Escrever uma verdadeira “história da habitação em Lisboa” não pode ser tarefa fácil, dada a escassez de fontes para esclarecer os modos de viver dos séculos distantes que não sejam só referidos a palácios e conventos remanescentes, ou que os relatos de viajantes estrangeiros, sempre convocados, não conseguem elucidar suficientemente. Mas diante da impactante e incontornável desolação duma cidade em clara degradação, perspetivar historicamente o que foi feito — e o que não foi feito — para que se chegasse a isto parece ser o maior desafio colocado aos historiadores em geral, e aos historiadores de arte em particular.

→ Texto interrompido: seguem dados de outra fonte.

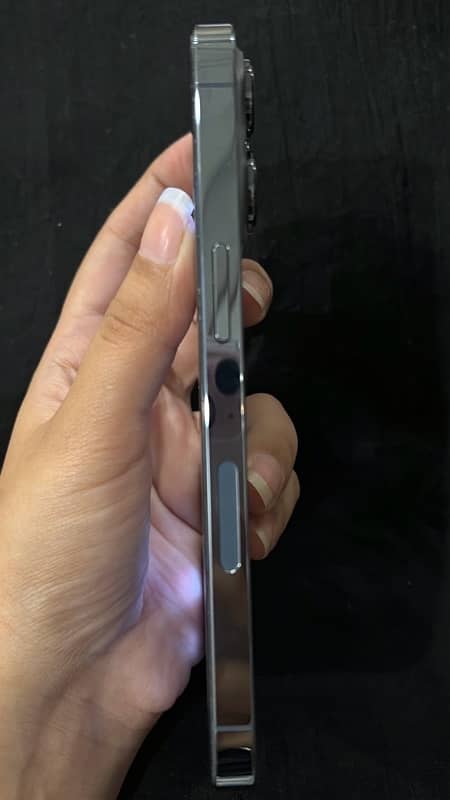 iphone 13 Pro Pta 3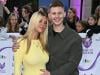 Freddy Brazier rules out dating as he confesses love for ex Holly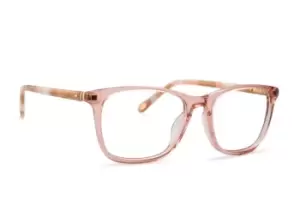 Image of Fossil FOS 7085 3DV 18 52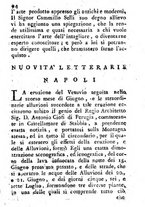 giornale/PUV0127298/1794-1795/unico/00000328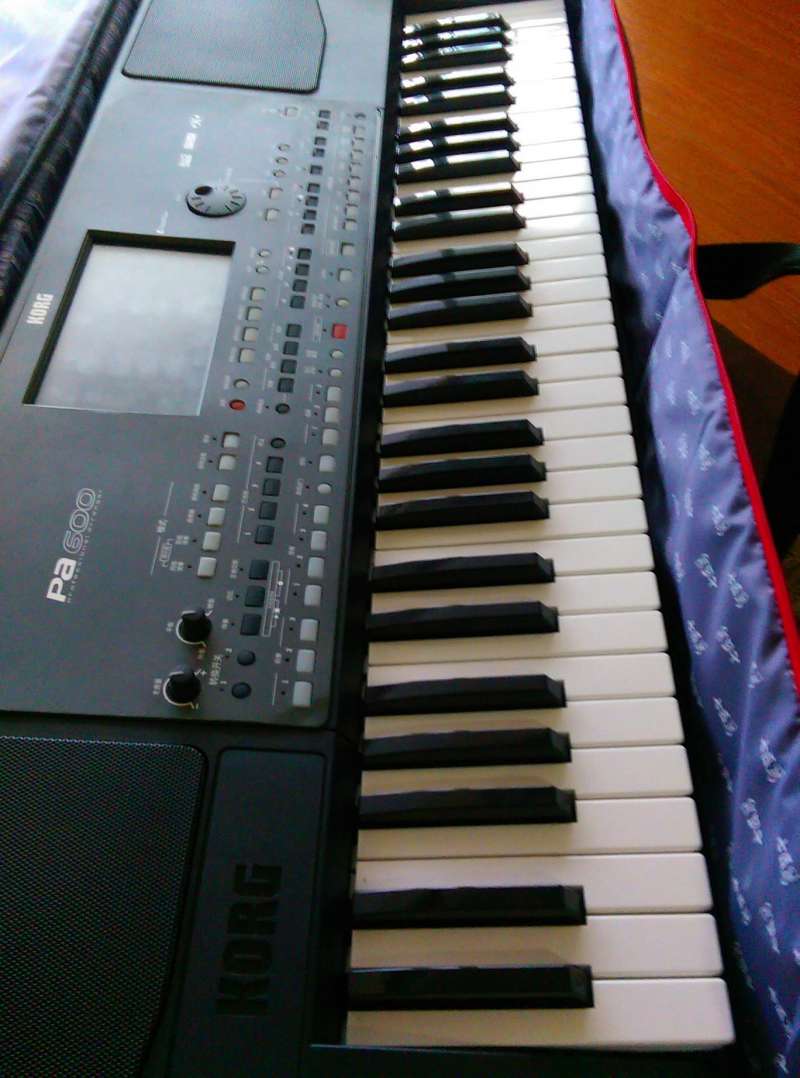 IMAG0651.jpg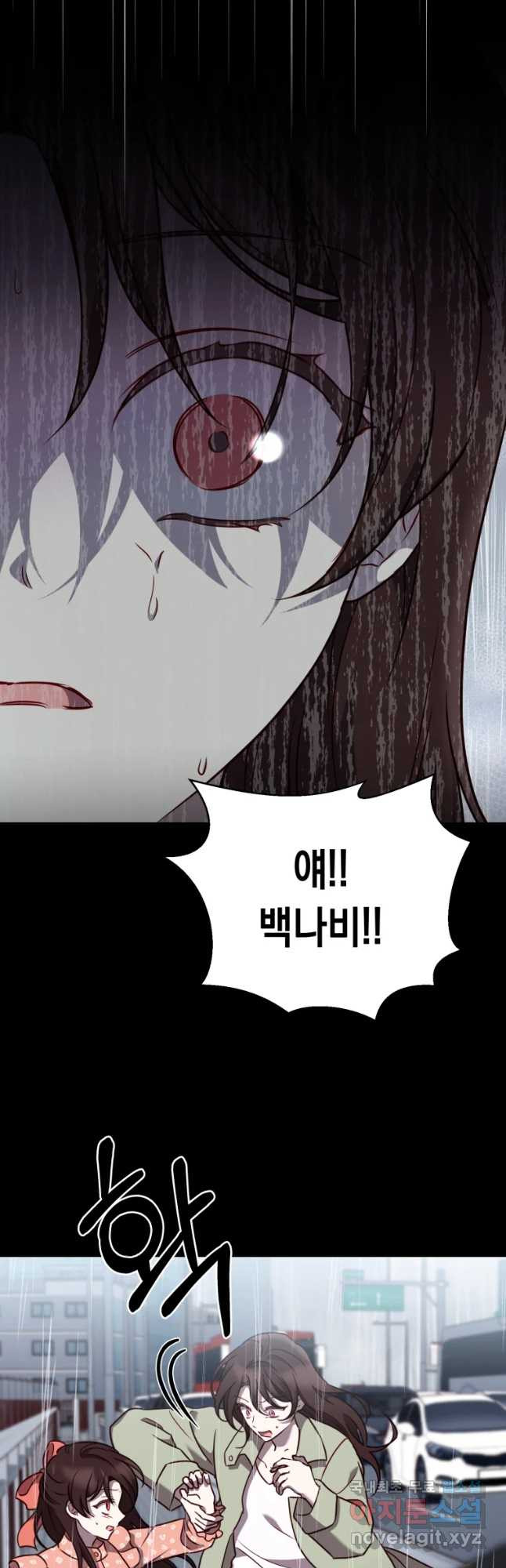164956840292713kkxex51lr.jpeg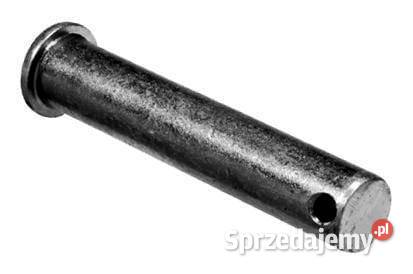 Sworzeń przegubu VPL2502 Kamionna sprzedam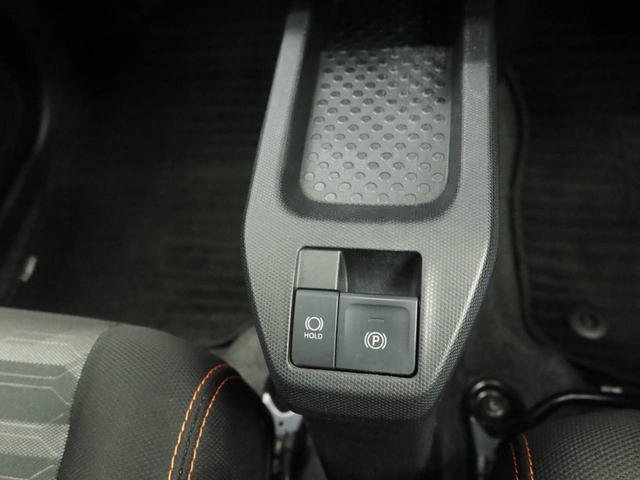 タフトＧ　４ＷＤ　ドライブレコーダー　ナビ　バックカメラ全方位モニタ　シートヒーター　ＬＥＤヘッドライト　プッシュスタート　　スマートキー　電動パーキング　ＵＳＢポート　コーナーセンサー（愛知県）の中古車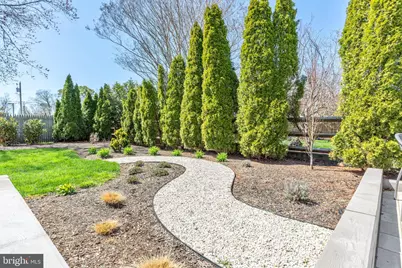 126 Colwick Drive, Somers Point, NJ 08244 - Photo 43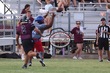 c_2026_08_20 FB KCHS at Vernon NS (85).jpg
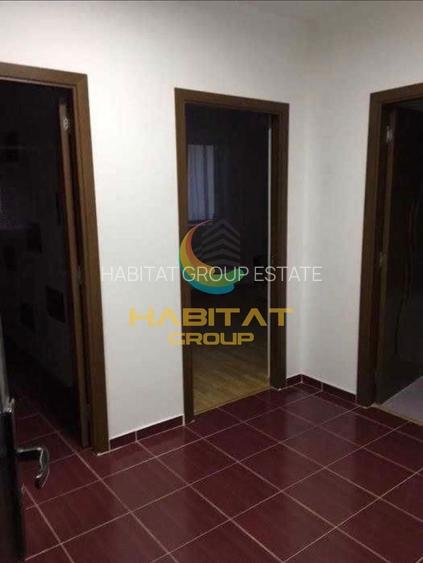 GARSONIERA de Vanzare Popesti Leordeni - 34 mp - Zona -Paraul Rece - 7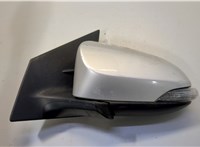  Зеркало боковое Toyota Auris E18 2012- 20489094 #3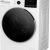 Стиральная машина Hotpoint-Ariston WDSH 75549 VWX — фото 5 / 9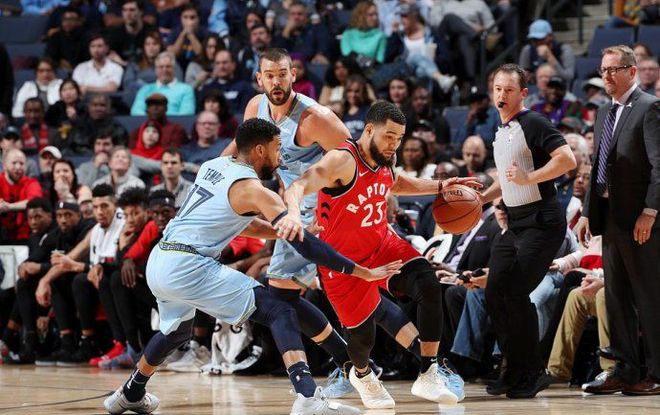 的突破和传 的突破和传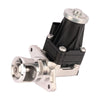 LDV G10 1.9L Turbo Diesel SV7A SV7C EGR Valve (2016-2022)
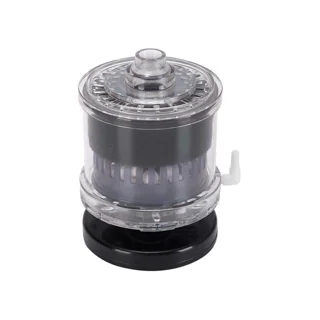 فیلتر بیولوژیک مدیا دار SB-533 سوبو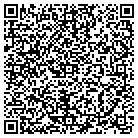 QR code with Technology Service Corp contacts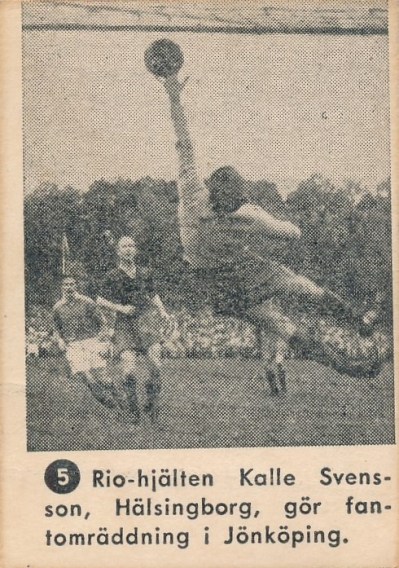 5a52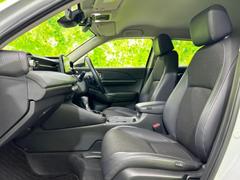 �ͥåȤǼ֤򸫤Ƥ��Ƥ⥤�᡼����ͯ���ʤ������������ʲ�Ҥ�֤����ꤹ���Ʋ����ɤ��Τ�ʬ����ʤ��������������ͤ��Τ����͡������̤ΤߤǤ�ϣˤǤ����ףţã��ңӤǤ���żֹ����δ��ܤ��������ޤ��� 6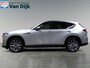 Mazda CX-60 2.5 e-SkyActiv PHEV Exclusive-Line / Panoramadak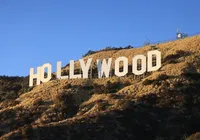 Hollywood brasileira: cidade gastou milhões em filmes e foi abandonada imagem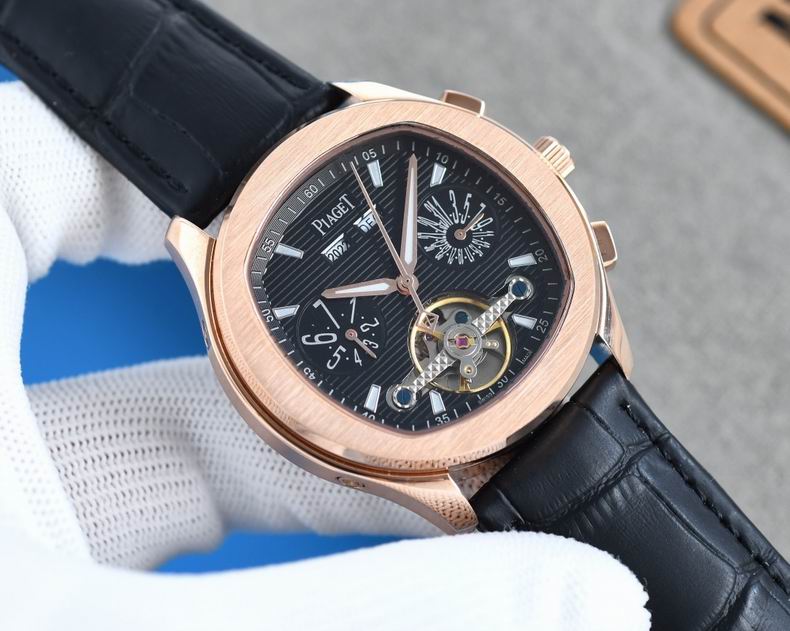 Piaget men 43X13mm 04 (2)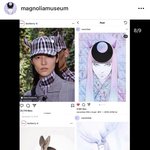 [모두드루와] <b>버버리</b> 디자이너 한국작가 작품 표절!!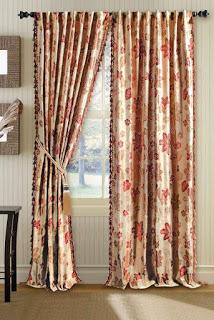 BRING OUT THE INTERIOR DESIGNER IN YOU WITH DECO WINDOW AND DECO HOME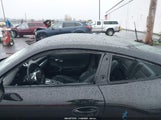 Porsche 911 Carrera Black Edition WP0AA2A92GS106605 снимка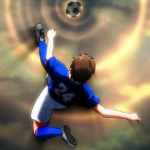 SoccerMania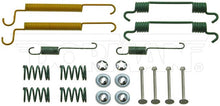 Load image into Gallery viewer, HW7305 Drum Brake Hardware Kit Dorman - First Stop Canada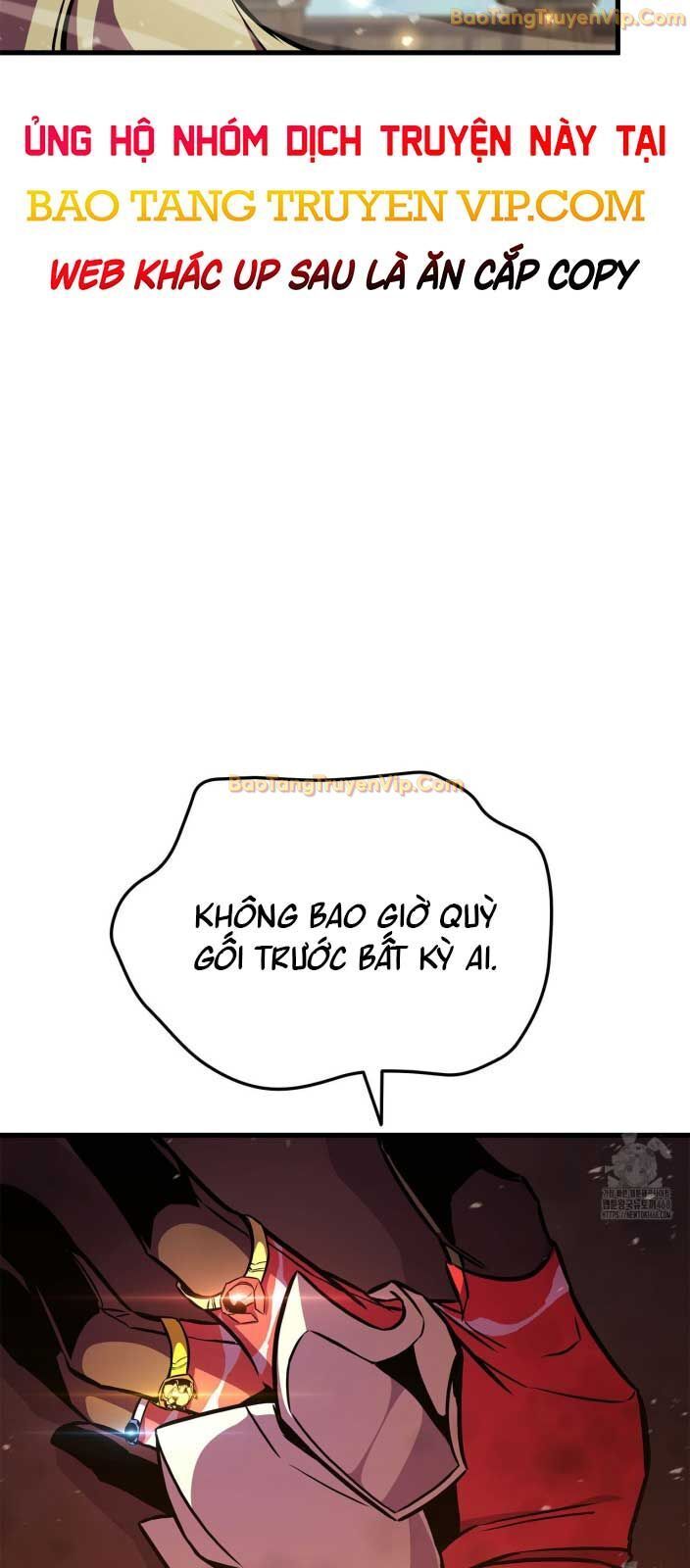 đọc truyện Ranker Tái Xuất Chương 182 ảnh 4 tại Thiên Thai Truyện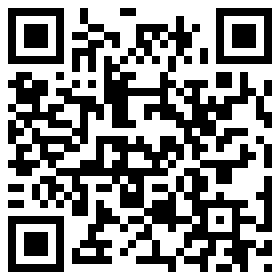 qrcode für Janitza 5101030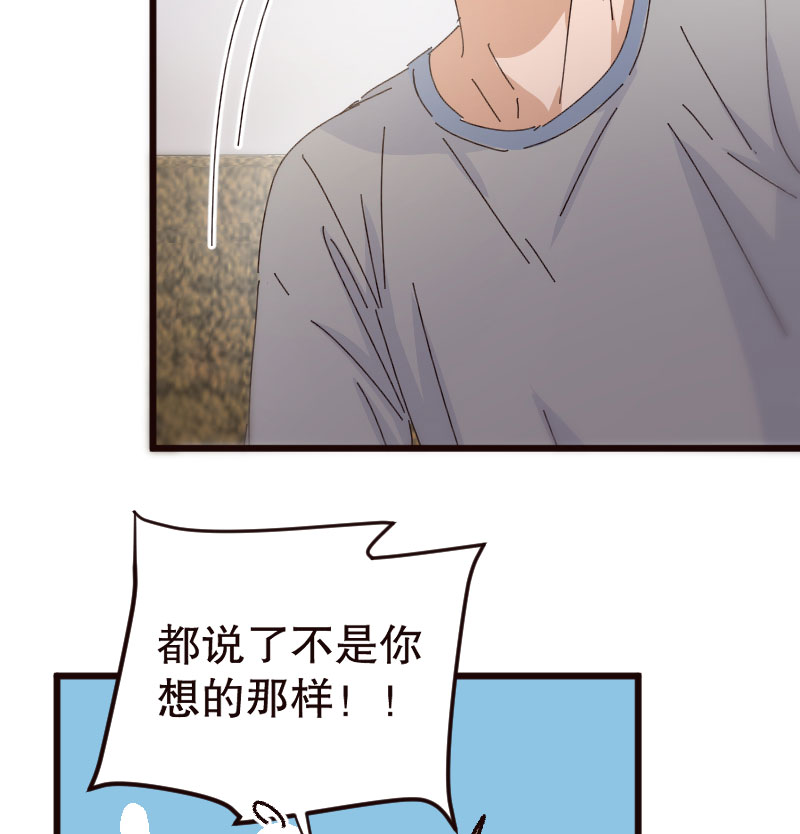 第30话27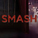 Critique : Smash 1.01
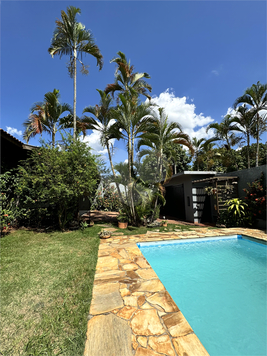 Venda Casa Piracicaba Nova Piracicaba 1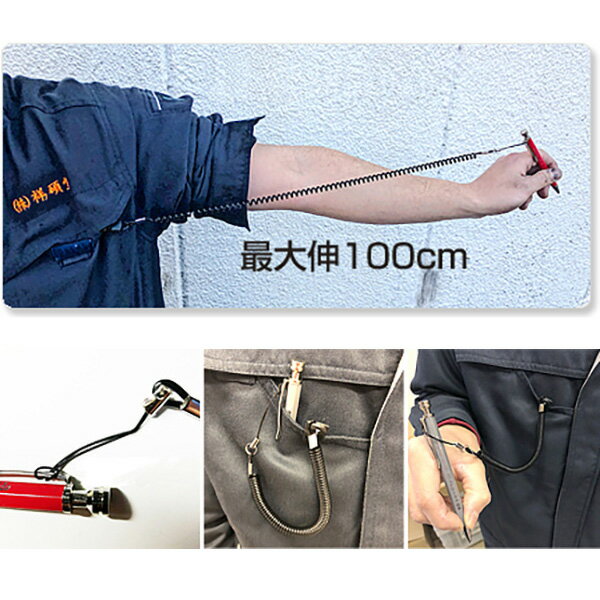 ���㡼�ץڥ󥷥�����ɻߥ��ȥ�åס�����Ʋ �᡼��������̵��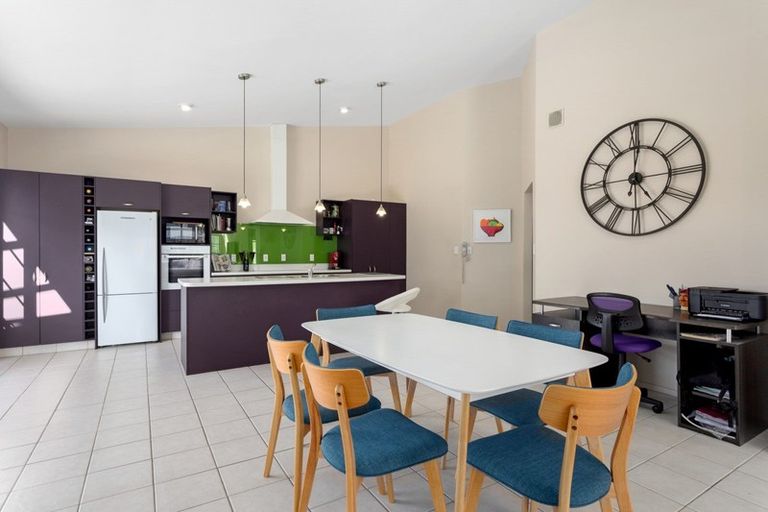 Photo of property in 34 Waterways Drive, Ohope, 3121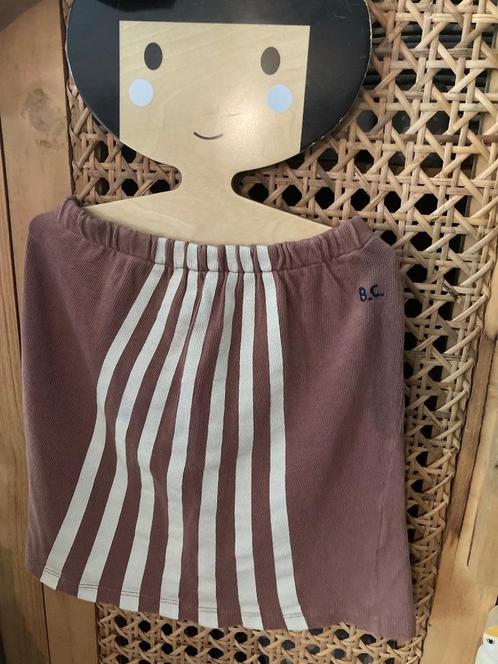 Rokje bobo choses maat 98, Kinderen en Baby's, Kinderkleding | Maat 98, Zo goed als nieuw, Meisje, Jurk of Rok, Ophalen of Verzenden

Afinal, Lisboa soube reconstruir-se de forma exemplar após a hecatombe de 1755, não veio abaixo por quaisquer bombardeamentos de 1936-39 ou de 1939-45, mas sofre há décadas de manifesta, persistente e adiantada corrosão imobiliária que transformou certos bairros em cenários de pequenos cataclismos à vista de todos. Quando assim não é, a qualidade das construções (materiais, plantas, ornamentação artística, climatização — para já não falar em estacionamento automóvel) deixa muitíssimo a desejar sob padrões europeus, e este é seguramente um dos indicadores do nosso subdesenvolvimento, a par da mão-de-obra pouco categorizada que o colapso do ensino técnico determinou. Uma recente exposição ufanista no torreão poente do Terreiro do Paço elogiava “A Luz de Lisboa” e a sua inegável excecionalidade geográfica, mas um pequeno passeio a pé deixa qualquer um incrédulo.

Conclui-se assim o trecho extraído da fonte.